The report titled The Swiss National Bank’s Unpleasant Experience of Sleeping Next to an Elephant makes some salient points about the state of the world’s monetary and banking system and the uncertain prospects of central banks righting this listing ship:

“The SNB cut its policy rate deep into negative territory. This will be something that will be watched with interest across central bank and financial market communities. Central banks have long feared cutting interest rates deep into negative territory for fear of unintended consequences. Banks may struggle to pass on negative rates to depositors, while at the same time finding it hard to not pass the rate cuts on to borrowers. Many also worry that deeply negative interest rates may incentivise individuals and companies to hoard cash outside of the banking system, raising a dual challenge of a hit to the banking system’s deposit base and net interest margins and a collapse in the velocity of money. Global central banks will be looking closely at the impact of negative interest rates on the Swiss banking and monetary system.

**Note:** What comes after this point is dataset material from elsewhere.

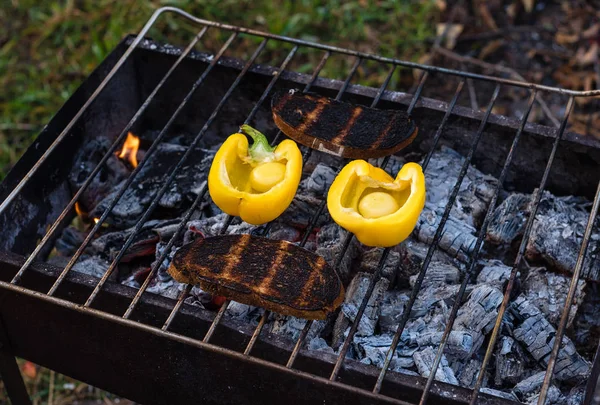 Eggs Bolgarian Pepper Grilled Coals Grill — Stock Photo, Image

“Negative interest rates may also challenge a long-held investor belief that zero interest rates serve as a de facto lower bound to yields. As yields on short-dated bonds have fallen close to or even below zero in Japan and many countries in Europe, investors have sought protection in bonds with longer maturities or by moving their investments into other countries with higher interest rates. With policy rates deeply negative in Switzerland, yields on even longer maturity bonds have fallen close to or below zero. Market participants will look closely at developments in Swiss bond markets and interest rates as a possible roadmap of what might happen in other countries if more central banks were to go down the path of negative policy rates.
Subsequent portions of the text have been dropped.